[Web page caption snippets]
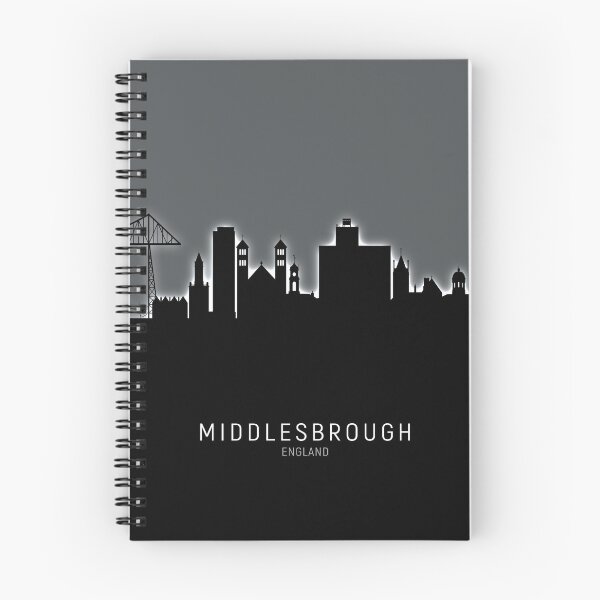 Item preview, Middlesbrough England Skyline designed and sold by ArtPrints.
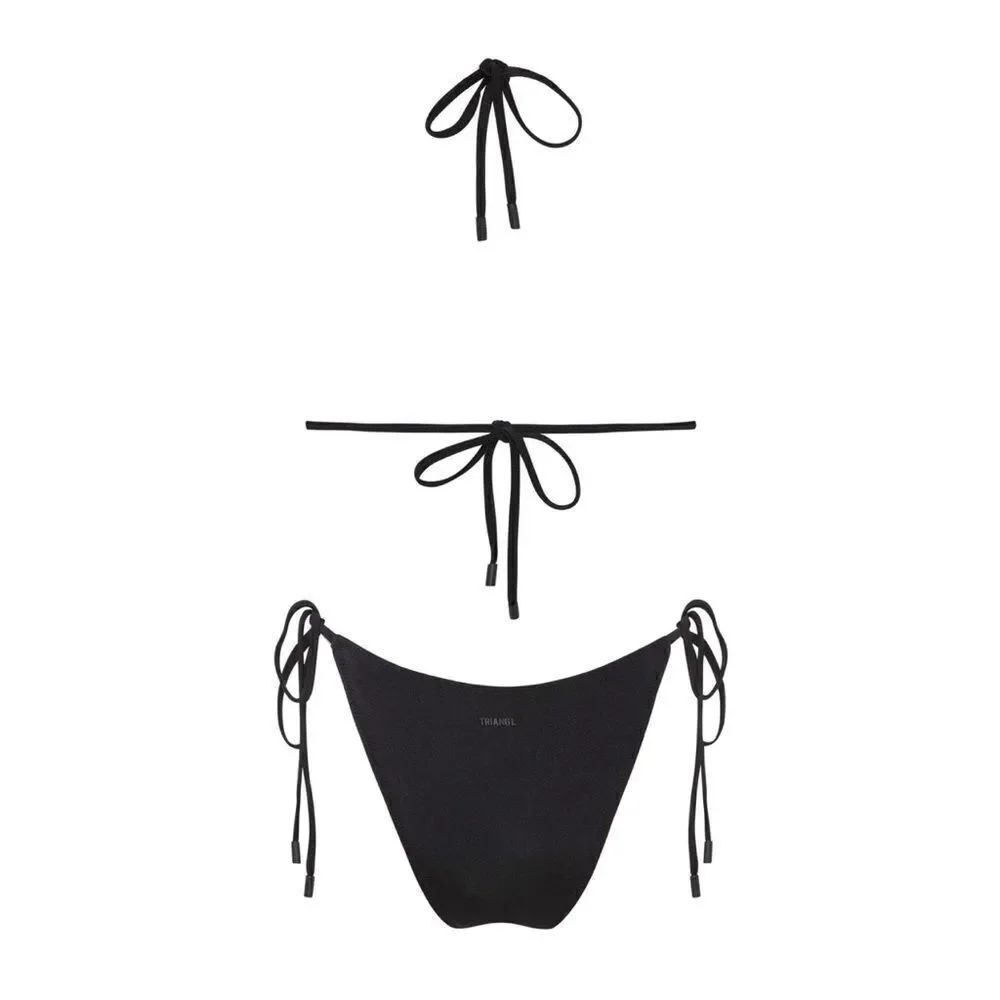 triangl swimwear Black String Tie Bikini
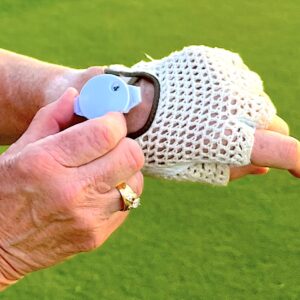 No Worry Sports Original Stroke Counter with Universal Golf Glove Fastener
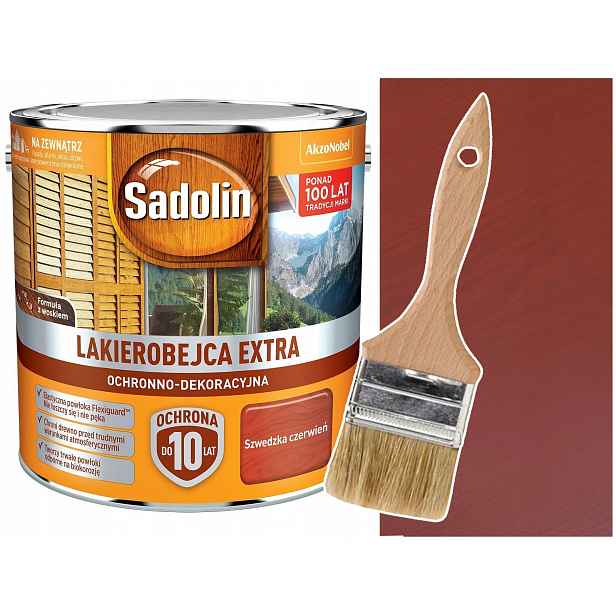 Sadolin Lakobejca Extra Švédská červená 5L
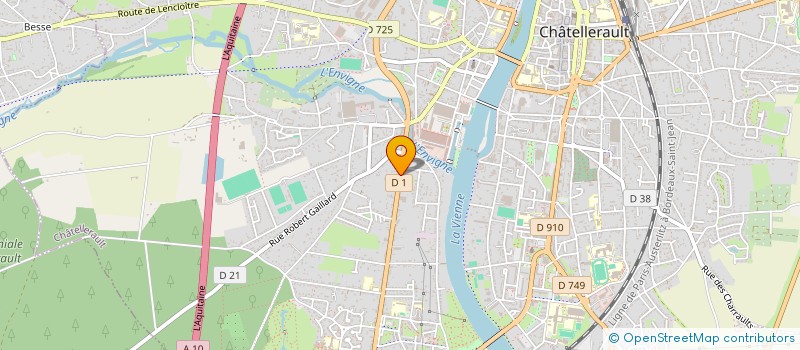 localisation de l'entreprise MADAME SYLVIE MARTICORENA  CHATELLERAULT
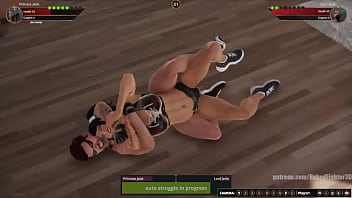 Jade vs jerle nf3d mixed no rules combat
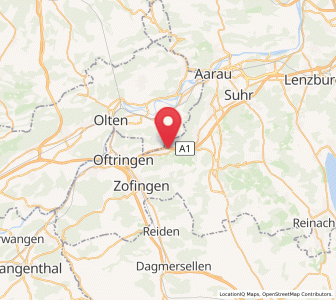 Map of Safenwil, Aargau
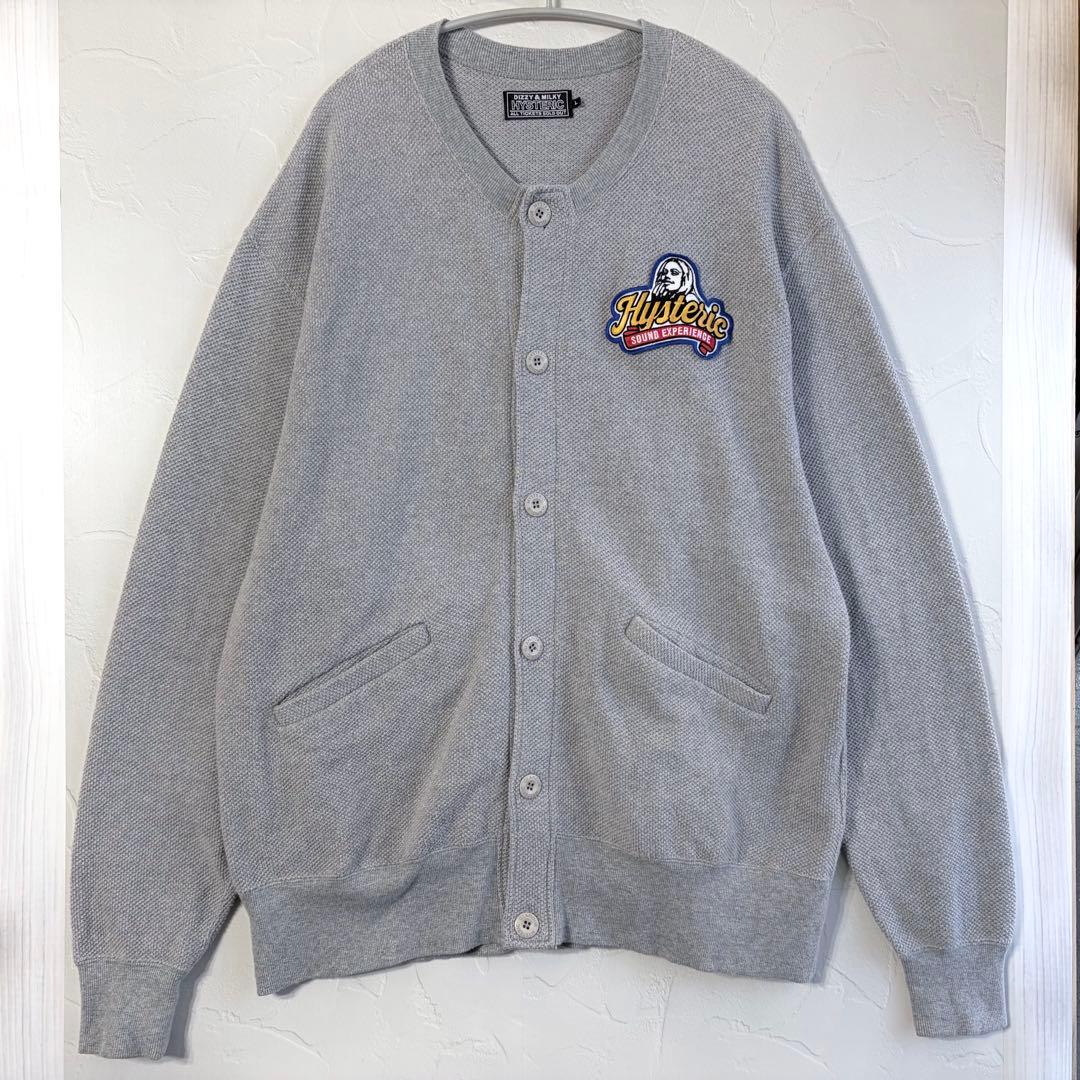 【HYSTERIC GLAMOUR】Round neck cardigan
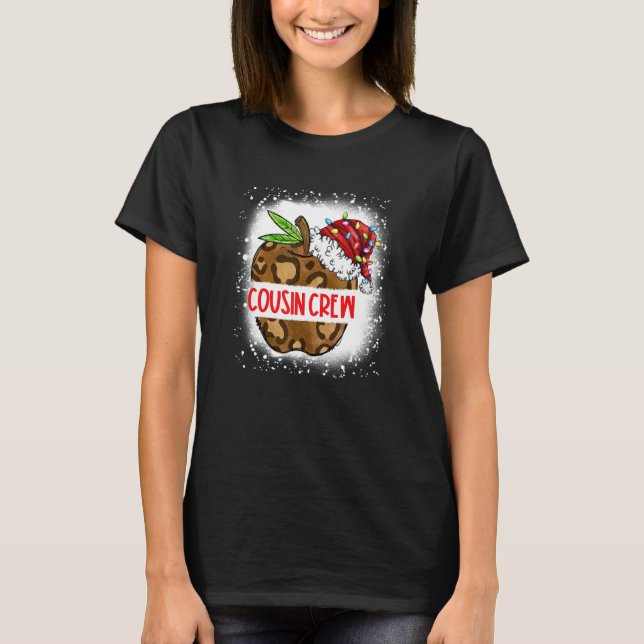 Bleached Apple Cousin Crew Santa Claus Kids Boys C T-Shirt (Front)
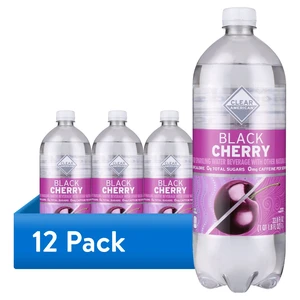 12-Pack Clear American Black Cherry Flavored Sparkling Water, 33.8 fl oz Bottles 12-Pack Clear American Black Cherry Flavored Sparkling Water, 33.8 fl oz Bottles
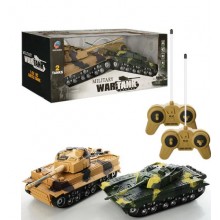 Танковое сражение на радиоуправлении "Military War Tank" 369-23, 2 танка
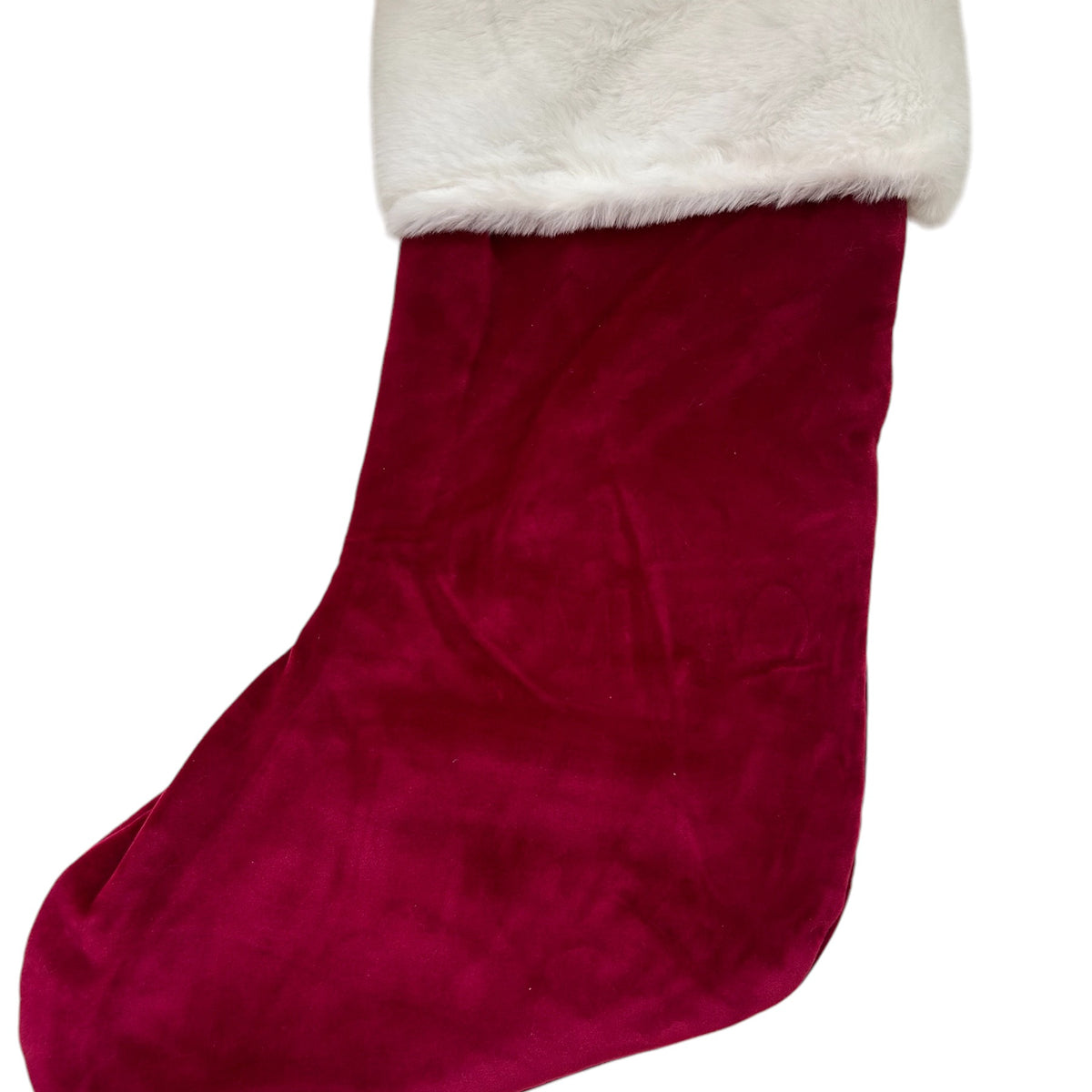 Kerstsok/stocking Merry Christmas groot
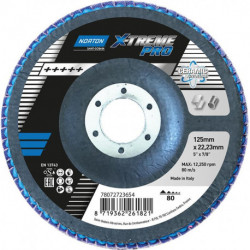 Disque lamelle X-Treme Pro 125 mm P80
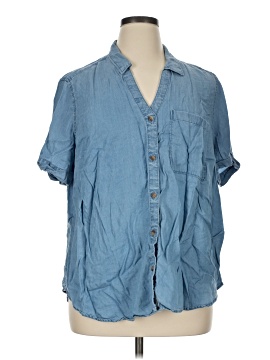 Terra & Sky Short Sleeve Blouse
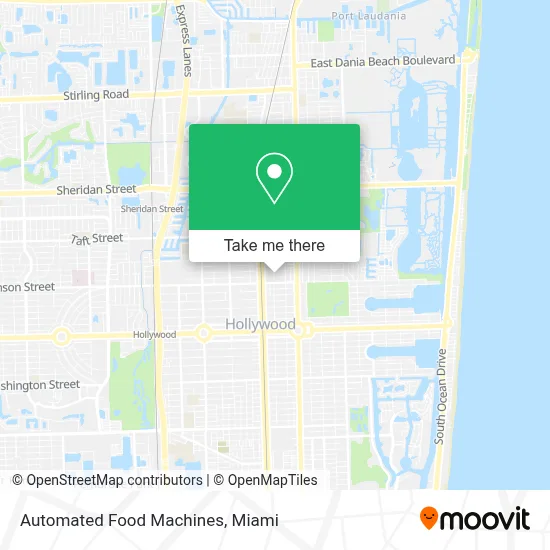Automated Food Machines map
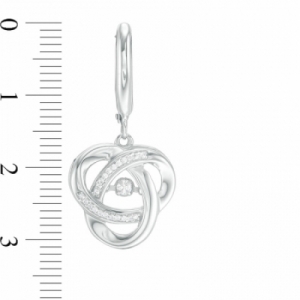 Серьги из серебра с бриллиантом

§ EXERCISE AIM:
Reproduce the lines above exactly, please, but not the pictures in them.

§ THE ANSWER:
 Item preview, Middlesbrough England Skyline designed and sold by ArtPrints.
 triangl swimwear Black String Tie Bikini
 No Worry Sports Original Stroke Counter with Universal Golf Glove Fastener
 Sadolin Lakobejca Extra Švédská červená 5L
 localisation de l'entreprise MADAME SYLVIE MARTICORENA  CHATELLERAULT
 Jade vs jerle nf3d mixed no rules combat
 Map of Safenwil, Aargau
 【HYSTERIC GLAMOUR】Round neck cardigan
 Bleached Apple Cousin Crew Santa Claus Kids Boys C T-Shirt (Front)
 12-Pack Clear American Black Cherry Flavored Sparkling Water, 33.8 fl oz Bottles 12-Pack Clear American Black Cherry Flavored Sparkling Water, 33.8 fl oz Bottles
 Танковое сражение на радиоуправлении "Military War Tank" 369-23, 2 танка
 Kerstsok/stocking Merry Christmas groot
 Disque lamelle X-Treme Pro 125 mm P80
 Terra & Sky Short Sleeve Blouse
Automated Food Machines map
 Серьги из серебра с бриллиантом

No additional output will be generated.